However, a verifier using the unbatched equation will accept the signature only if \([k]T = 0\), which happens whenever \(8\) divides \(k\). Since \(k = H(R, A, M)\) is a uniformly distributed hash output, the signer has a \(1/8\) chance of generating a signature that passes unbatched verification.
Batch verification
We’ve now seen the difference between the verification equations. To understand the connection to batch verification, we need to describe how batch verification works.
Batch verification asks whether all items in some set are valid, rather than asking whether each of them is valid. This can increase throughput by allowing computation to be shared across items. In the case of Ed25519, batch verification works as follows.
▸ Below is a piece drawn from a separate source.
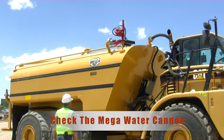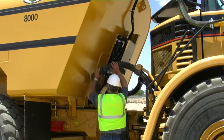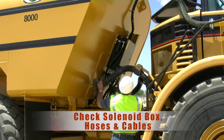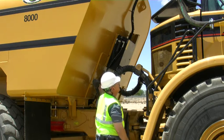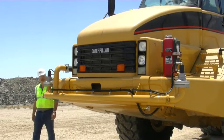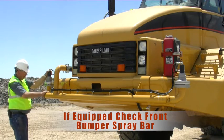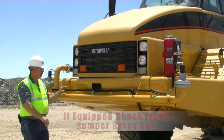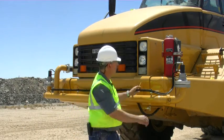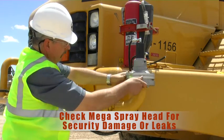Check the mega water cannon. Check your solenoid box, all of its hoses and cables. Check the mega spray heads. If equipped, check the front spray bar and all of its attaching pipe work. Check the mega spray heads for security, damage, or leaks.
First, rearrange the verification equation as \[ 0 = [8]R - [8][s]B + [8][k]A, \] so that we’re checking whether the verification term on the right-hand side is zero.
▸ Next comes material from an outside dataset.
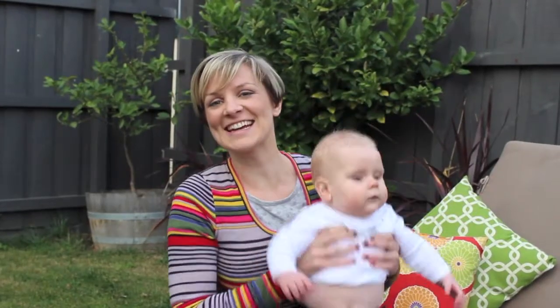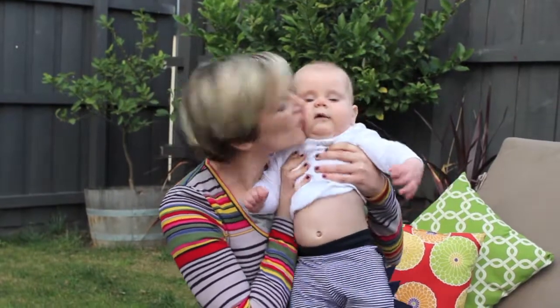So there you go, that's how to kiss a baby. I've got a good one here. See you next time!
In the batch setting, we have multiple (message, key, signature) pairs, and we want to check whether all of their verification terms are zero. To do this, we take a linear combination of the verification terms with coefficients \(z_i\): \[ 0 = \sum_i z_i \left( [8]R_i - [8][s_i]B + [8][k_i]A_i \right). \] This equation will hold for all values of \(z_i\) if and only if all of the verification terms are zero. This would be computationally infeasible to check directly, but the verifier can instead select random, high-entropy values for \(z_i\). Because we’re working in a prime-order (sub)group, if any verification terms are nonzero, they’ll remain nonzero after multiplication by \(z_i\).
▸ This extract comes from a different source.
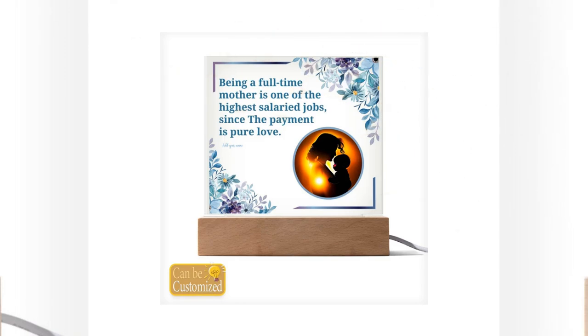Disclaimer: while we strive to depict our products accurately, please note that variations in light and color settings may result in slight differences from the photographic images. Additionally, due to the manufacturing process, the sizes listed are approximate and actual size may vary slightly.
Why is this preferable? The reason is that it allows the verifier to compute a single multiscalar multiplication of multiple points and scalars. This can be performed much more efficiently than computing multiple individual scalar multiplications and summing the results.
In practice, the verifier uses a slightly rewritten equation,
\[
0 = [8]
\left(
\left[ - \textstyle\sum_i z_i s_i \right] B
+ \sum_i [z_i] R_i
+ \sum_i [z_i k_i] A
\right).
\]
This coalesces the coefficients of the basepoint into a single term, reducing
the size of the multiscalar multiplication, and does a single cofactor
multiplication (three doublings) at the end. This can easily provide a 2x or
more speedup on verification. It’s possible to go further:
ed25519-zebra
implements an adaptive strategy that detects
reused verification keys, giving an extra 2x speedup in
the limiting case where all signatures are made with the same verification key.
However, if we tried to do this without multiplication by the cofactor (as in the original Ed25519 paper), we’d get totally inconsistent behavior in the presence of one or more candidate signatures with nonzero torsion components.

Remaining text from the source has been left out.